# Action item
Every line of the data below should be retyped exactly, with no images carried over.

------ Data extract

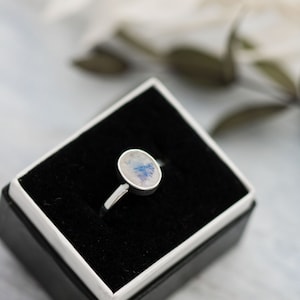 Sterling Silver Moonstone Ring • Gift for Her • Statement Women&#39;s Jewelry • US Sizes 6-9.5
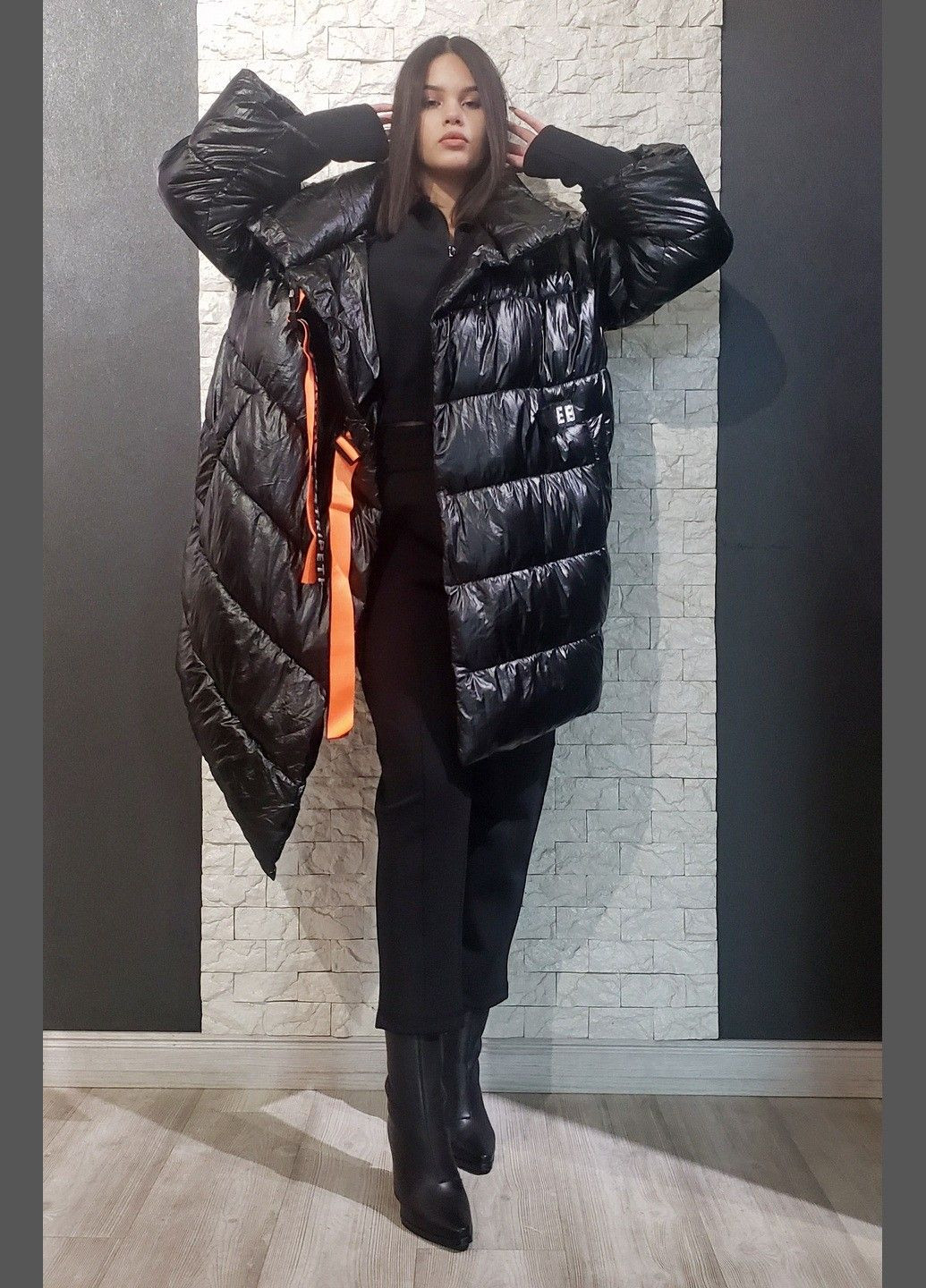 Чорна зимня куртка зимова FLY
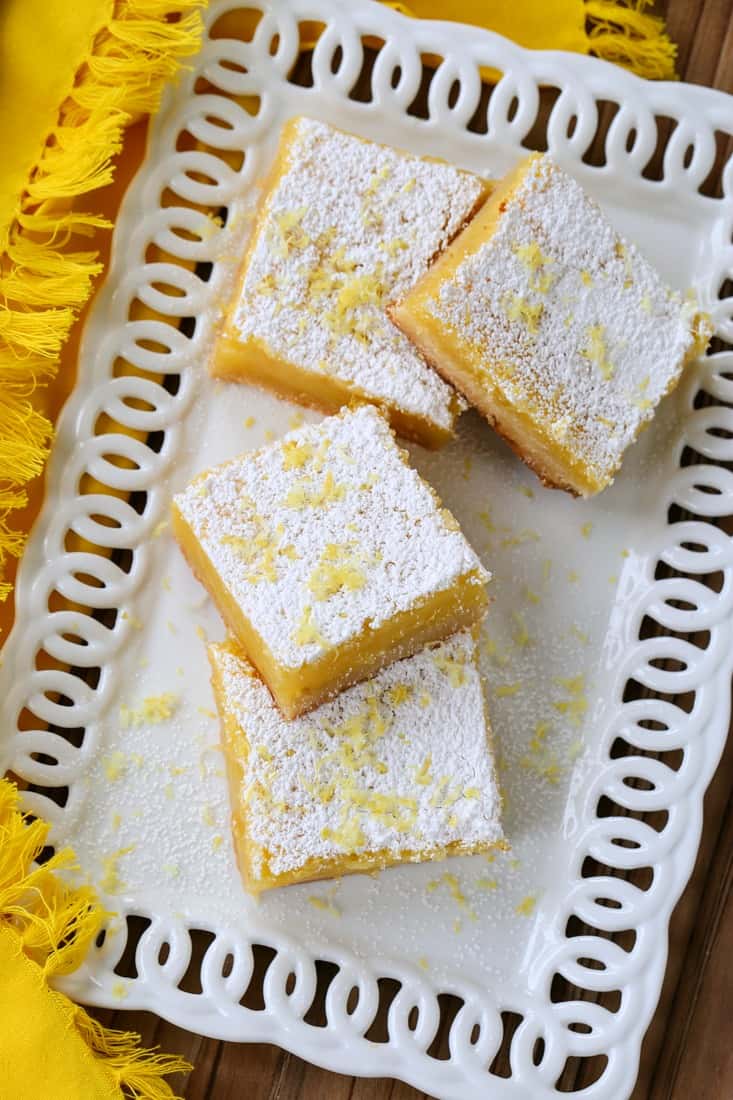 Limoncello Lemon Bars on a white platter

------------

# Response for this exercise
 Sterling Silver Moonstone Ring • Gift for Her • Statement Women&#39;s Jewelry • US Sizes 6-9.5
 Чорна зимня куртка зимова FLY
 Limoncello Lemon Bars on a white platter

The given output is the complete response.